■ Your objective
The part to set down runs from the first line of the data below through the line with "蚊のお尻から透明な液体（オシッコ？）が放出される瞬間のアニメGIF", inclusive; write it exactly and leave out the pictures.

Short web captions
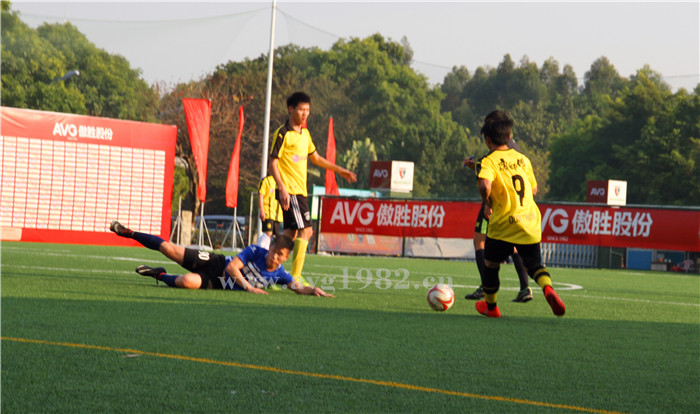 IMG_0776_副本_副本1.jpg IMG_0776_副本_副本1.jpg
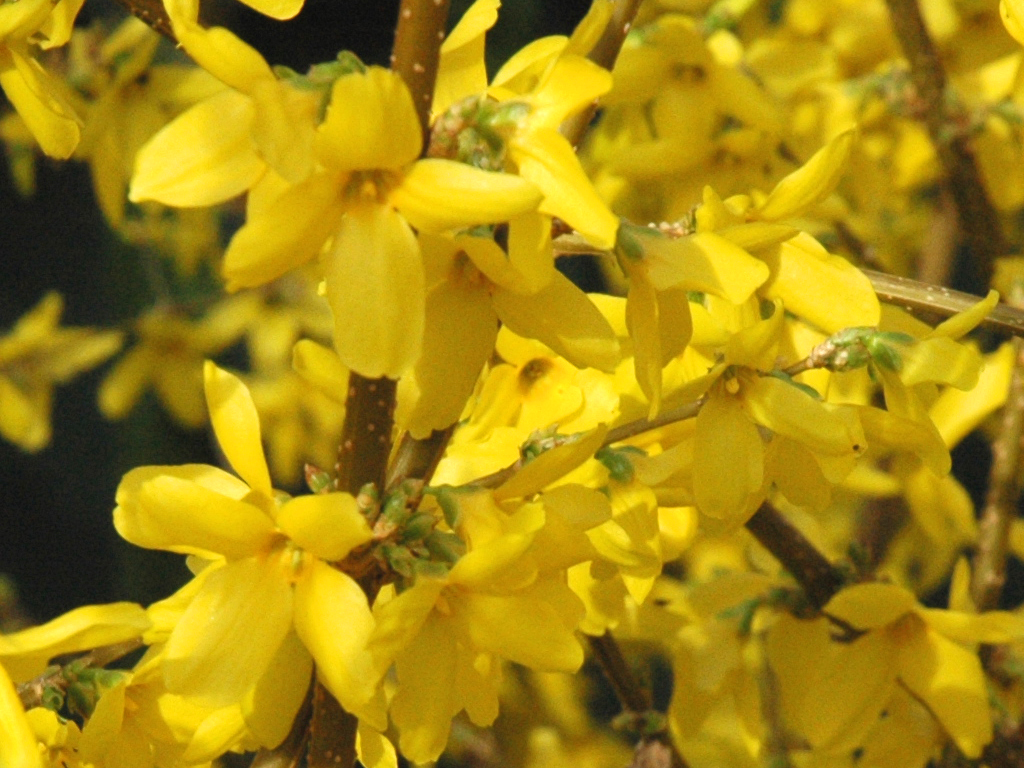 Lynwood Gold Forsythia1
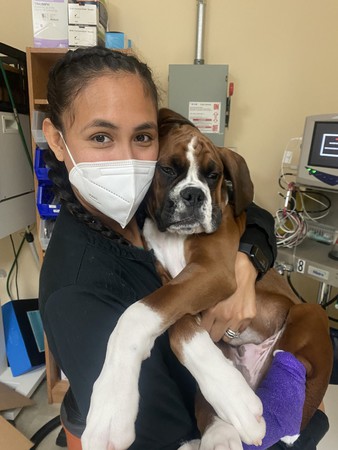 Images VCA SouthPaws Veterinary Specialists & Emergency Center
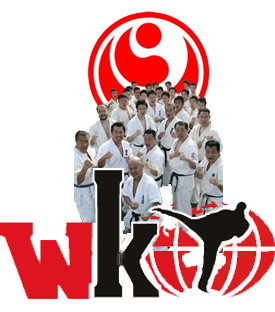 Kokoro & Kanji  World Karate Organization ShinKyokushinKai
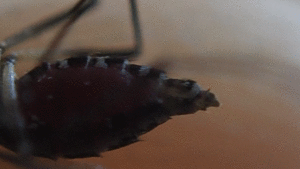 蚊のお尻から透明な液体（オシッコ？）が放出される瞬間のアニメGIF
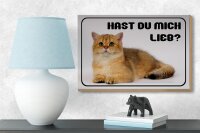 Holzschild Katze 18x12cm hast du mich lieb Geschenk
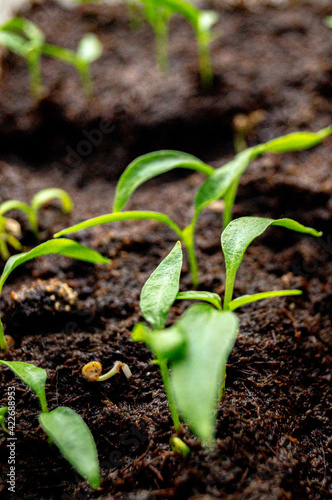 green plant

■ Reply to the exercise
 IMG_0776_副本_副本1.jpg IMG_0776_副本_副本1.jpg
 Lynwood Gold Forsythia1
 Images VCA SouthPaws Veterinary Specialists & Emergency Center
 Kokoro & Kanji  World Karate Organization ShinKyokushinKai
 蚊のお尻から透明な液体（オシッコ？）が放出される瞬間のアニメGIF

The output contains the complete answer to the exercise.